Anika richer in experience but misses out match play spot

A disappointed Anika Varma. Pic: USGA

Aug 6: Anika Varma bounced back strongly in the last six holes of her second round, but still fell one shot short of getting a chance to qualify for the match play segment of the US Women’s Amateur Championship in Rockville, Maryland. The second round which was played on Wednesday after play on Tuesday was called off due to a hurricane, was played in extremely tough conditions and the course was very tight as only seven players were under par after 36 holes.

The Indian teen golfer, Anika, who is based in Sacramento, is the first Indian to play the US Women’s Amateur Championship. She had a rough first nine on the back stretch of the Woodmont Country Club, as she gave away two bogeys and two doubles after starting from the tenth.

That cost her heavily even though she found three birdies on fourth, fifth and eighth holes against one lone bogey on seventh over in the last six holes. A birdie on ninth, her closing hole, would have got her into a play-off to determine the final spots in match play. She finished at four-over 76 for a total of seven-over 151.

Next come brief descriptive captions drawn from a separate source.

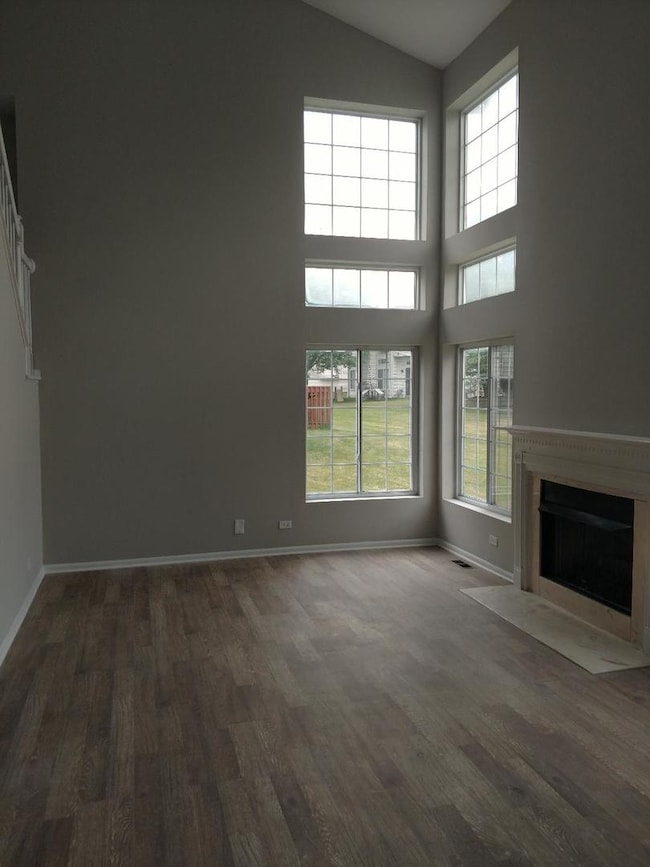 957 Viewpoint Dr, Lake In the Hills, IL 60156 - photo 4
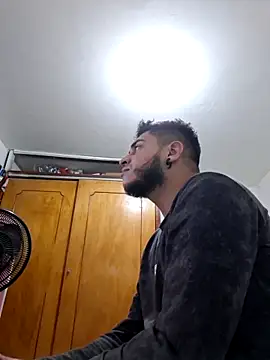 Juanhots online show from January 14, 2026, 6:24 pm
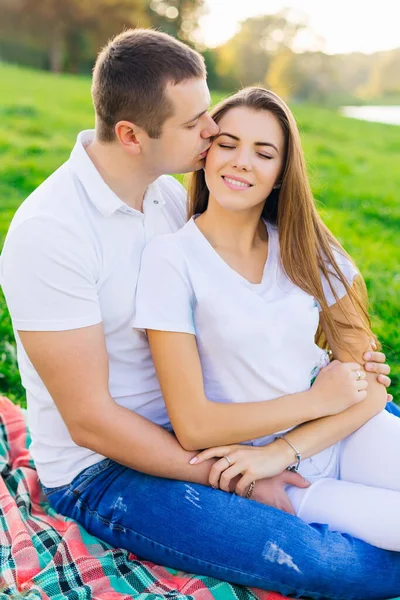 Park Green Grass Cute Affectionate Couple Sitting Man Gently Kisses — Stok fotoğraf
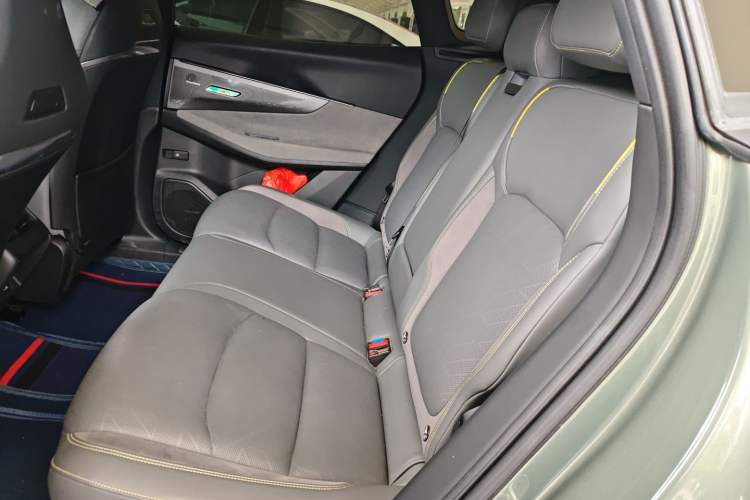Used Lynk & Co 08 EM-P 2023 220km All-Wheel-Drive Performance Halo Left Rear Seat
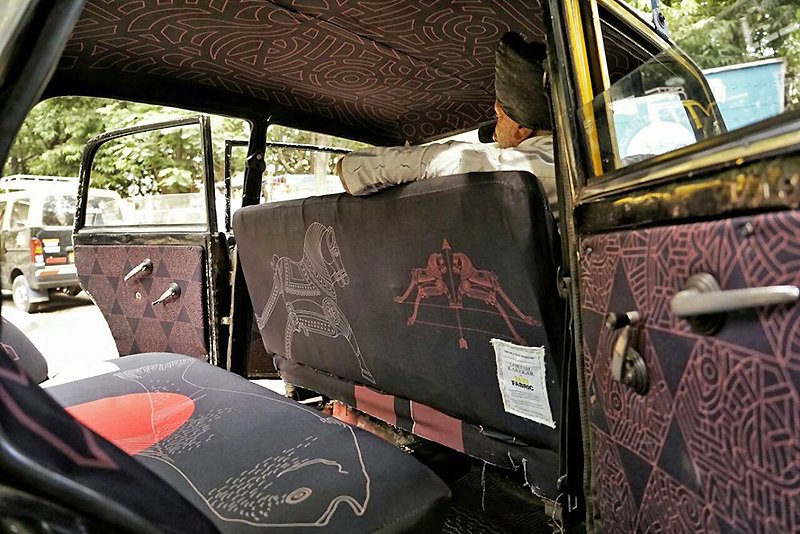 Obra de Lokesh Karekar | Foto: Taxi Fabric Project.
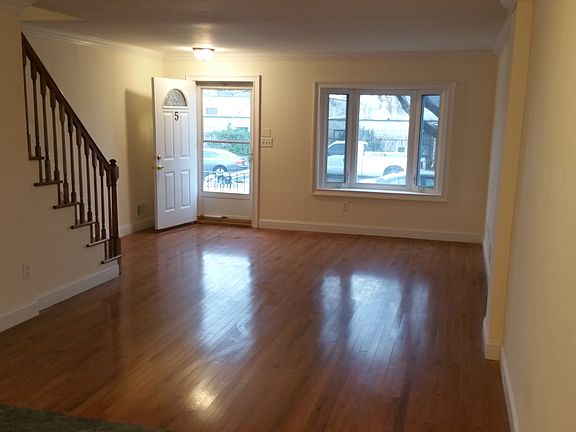 Living Room w/ Crown Molding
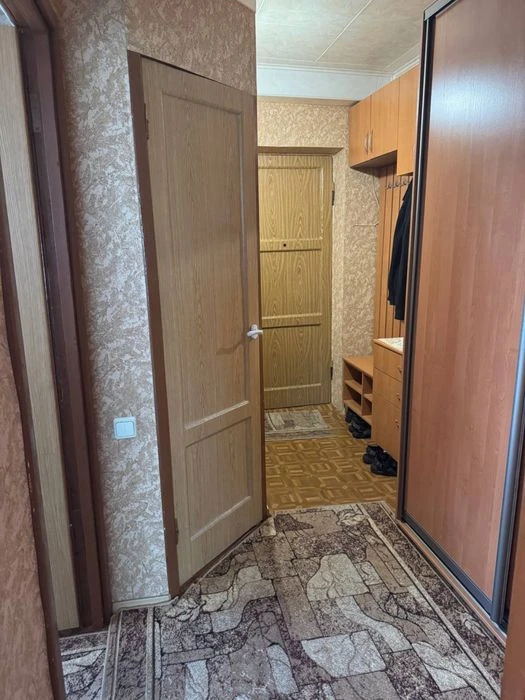 2 кімнатна квартира Космічна 108а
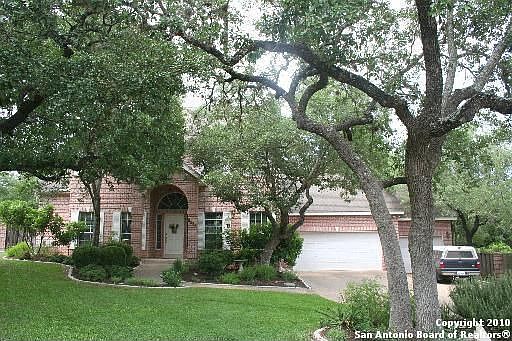1st image of 8527 Fairway Trace Dr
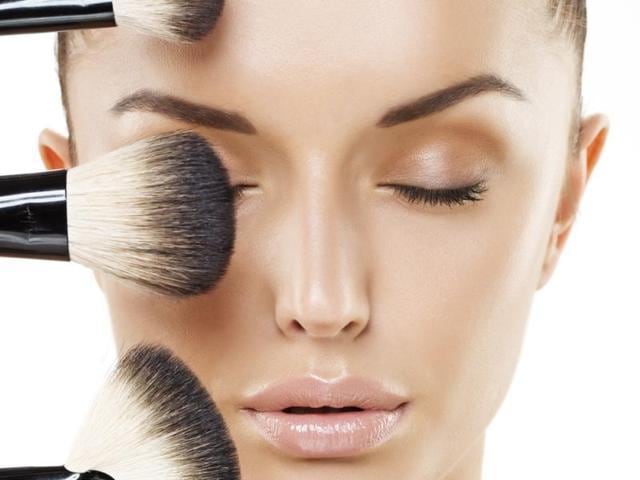 Clean your make-up brushes before using them. (SHutterstock) Clean your make-up brushes before using them. (SHutterstock)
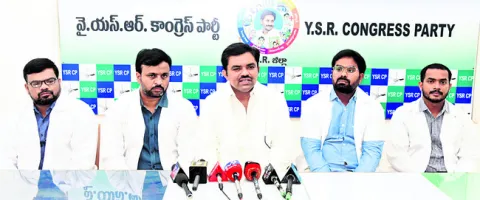 బాబు బినామీల జేబులు నింపడానికే ప్రైవేటీకరణ 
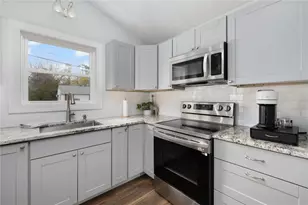 48 Spicer St, North Providence, RI 02904 - Photo 3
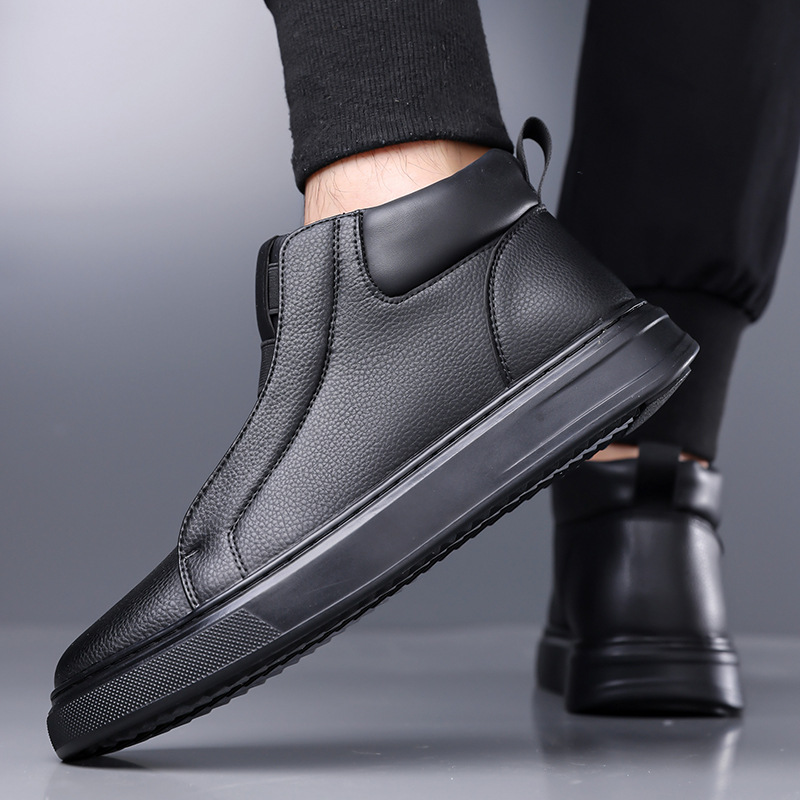 Lucente Leather Sneakers – Stylish Comfort for Every Step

Sixteen players at six-over went into a play-off for six spots as Anika was stranded at seven-over.

Despite not qualifying for the next stage, it was a great experience for Anika as the conditions were very tough and demanding. She ran out of holes as she settled into her game.

Three other players of Indian origin got into the 64 who get to compete in match play. Indian-American Megha Ganne (71-76) was T-26, while Indian origin players South Africa’s Kajal Mistry (81-69) and Gurleen Kaur (78-72) of US, came through the play-off.

Rachel Heck, who made the cut at the 2017 U.S. Women’s Open as a 15-year-old, took the medallist honours as she topped the stroke play section with rounds of 69-71.

Her 36-hole total of 4-under 140 made her one of just seven players to break par in stroke play, the fewest since 2014.

Heck, 18, is competing in her fourth consecutive U.S. Women’s Amateur. On Wednesday, she birdied four of her first eight holes and was one of three competitors in the 132-player field to post consecutive sub-par scores.

Three players finished two strokes behind Heck at 2-under 142 – Phoebe Brinker, Valery Plata and the fourth-ranked player in the World Amateur Golf Ranking, Emilia Migliaccio. First-round co-leader, Rachel Kuehn, rebounded from a tough start to earn the No. 8 seed.

Playing with Kuehn, defending champion Gabriela Ruffels bogeyed two of her first three holes, but played her final 15 holes bogey-free. Three birdies coming in led to a 1-under 71 and earned her the No. 6 seed in her title defence.

Other notable players to make the match-play field include first-round co-leader Riley Smyth, 2019 U.S. Women’s Open low-amateur Gina Kim and 2019 U.S. Women’s Amateur semi-finalist Megha Ganne.

The biggest turnaround of the day belonged to Kajal Mistry. The 19-year-old who represented South Africa in the 2018 Women’s World Amateur Team Championship tied the low round of the day with a 3-under 69 – an improvement of 12 strokes from her opening 81. She then survived a 15-for-6 playoff with a birdie on the first playoff hole (the eighth hole on the course) to punch her ticket into match play.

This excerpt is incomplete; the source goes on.